Thermal Instability of Fluid Layer Bounded Below by a Solid Layer of Finite Conductivity

Linear stability theory is applied to the problem of the onset of convective instability in a horizontal layer of fluid heated from below, when the fluid is bounded above by a free surface and below by a solid layer of finite heat conductivity and finite thickness. As the agencies causing instability, both surface tension and buoyancy are taken into account. A Fourier series method is used to obtain the eigenvalue equation, from which various critical values for the onset of a stationary convection are computed numerically for a broad range of thermal boundary conditions. By solving the time-dependent eigen-value equation numerically, it is shown that, as assumed previously, the neutral state is indeed a stationary rather than an oscillatory one.

The Stability of Natural Convection in an Inclined Fluid Layer with Internal Heat Generation

Linear stability theory is applied to the problem of the stability of natural convection that occurs in an inclined fluid layer with uniformly distributed internal heat sources. It is assumed that one bounding plate is a thermally perfect insulator and the other bounding plate is maintained at constant temperature. The power series method is used to obtain the eigenvalue equation which is then solved numerically with the aid of the Muller method.

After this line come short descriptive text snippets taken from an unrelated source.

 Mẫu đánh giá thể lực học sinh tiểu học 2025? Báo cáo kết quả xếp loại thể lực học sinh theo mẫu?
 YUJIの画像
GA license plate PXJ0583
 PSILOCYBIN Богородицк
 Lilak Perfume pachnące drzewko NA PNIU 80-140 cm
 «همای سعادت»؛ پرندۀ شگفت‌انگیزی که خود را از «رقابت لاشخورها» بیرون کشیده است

The stability conditions are obtained for Prandtl numbers ranging from 0.001 to 100 and for angles of inclination ranging from -90° to 90°. It is found that the instability sets in as either transverse travelling wave modes or longitudinal stationary modes and that three-dimensional disturbances are not responsible for instability.

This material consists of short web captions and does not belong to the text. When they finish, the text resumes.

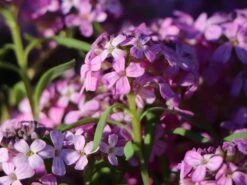 Steintäschel 'Warley Ruber' -Günstiges Erd Seele Geschäft steintaeschel warley ruber m084785 w 2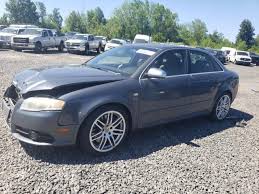 Image result for Dolphin Gray 2006 S4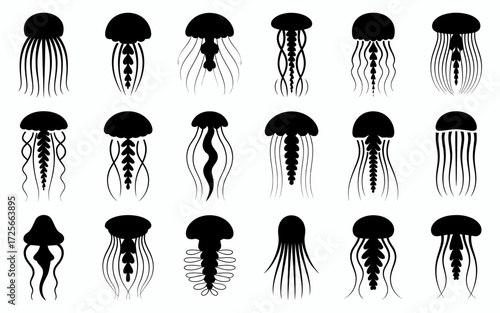 silhouettes of people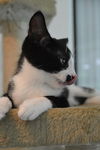 Mo the Confident Kitten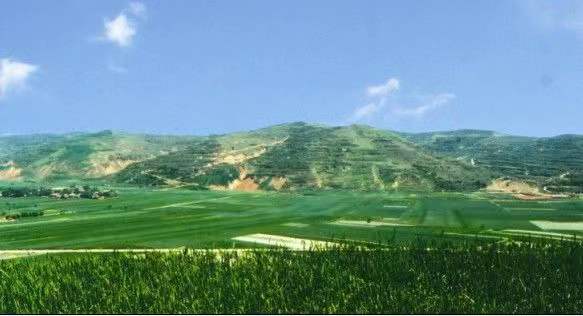 泾川文汇足球队队员简历,惊奇足球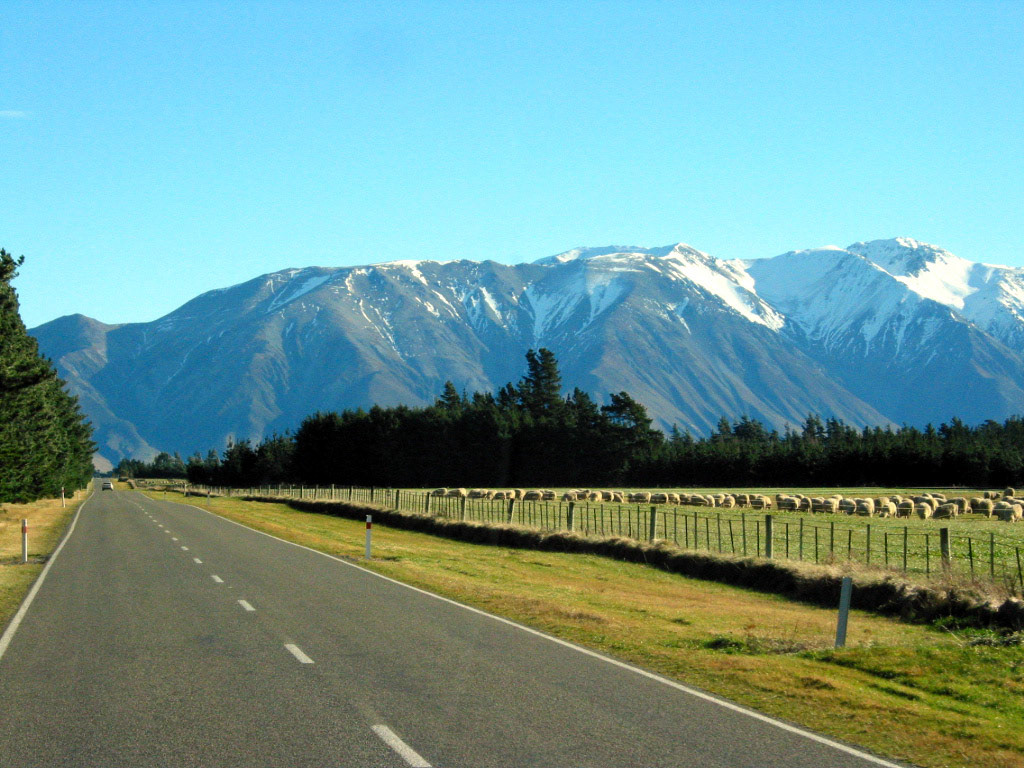 Typical New Zealand scenery!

The stability of natural convection in a vertical layer of electrically conducting fluid in the presence of a transverse magnetic field

The stability of natural convection of an electrically conducting fluid which is confined between two parallel vertical plates maintained at constant and different temperatures and is permeated by a transverse magnetic field is analyzed using linear stability theory. In deriving the equations governing the stability, a simplification is made using the fact that the magnetic Prandtl number Pm for most electrically conducting fluids is extremely small. The Chebyshev collocation method is used to obtain the eigenvalue equation, which is then solved numerically. The critical Grashof number Gc, the critical wavenumber ac, and the critical wave speed cc are obtained for a wide range of the Prandtl number P and for several selected values of the Hartmann number M. It is found that the magnetic field has a stabilizing effect on the convection flow against both stationary and travelling-wave disturbances. The detailed values of P, Gc, ac, and cc, at the point of transition from stationary to travelling-wave mode are also obtained for several selected values of M.

The Effect of Rotation on Convective Instability in a Horizontal Fluid Layer with Internal Heat Generation

The effect of uniform rotation on the onset of convective instability in a horizontal fluid layer with uniformly distributed internal heat sources is considered using linear stability theory. Under the assumption that the neutral state is a stationary one, the power series method is adopted to obtain the eigenvalue equation which is then computed numerically. The stability conditions influenced by uniform rotation are found for two sets of thermal boundary conditions.

Surface Tension Driven Instabillity in a Horizontal Layer of Binary Liquid Mixture in the Presence of the Soret Effect

The problem of the onset of surface tension driven instability in a horizontal layer of binary liquid mixture subjected to a vertical temperature gradient is examined using linear stability theory. The solute is assumed to be a non-surfactant and the Soret effect is taken into account. Assuming that the neutral state is a stationary one, the conditions under which instability sets in are determined in detail and it is found that the presence of the solute can play a prominent role through the Soret effect.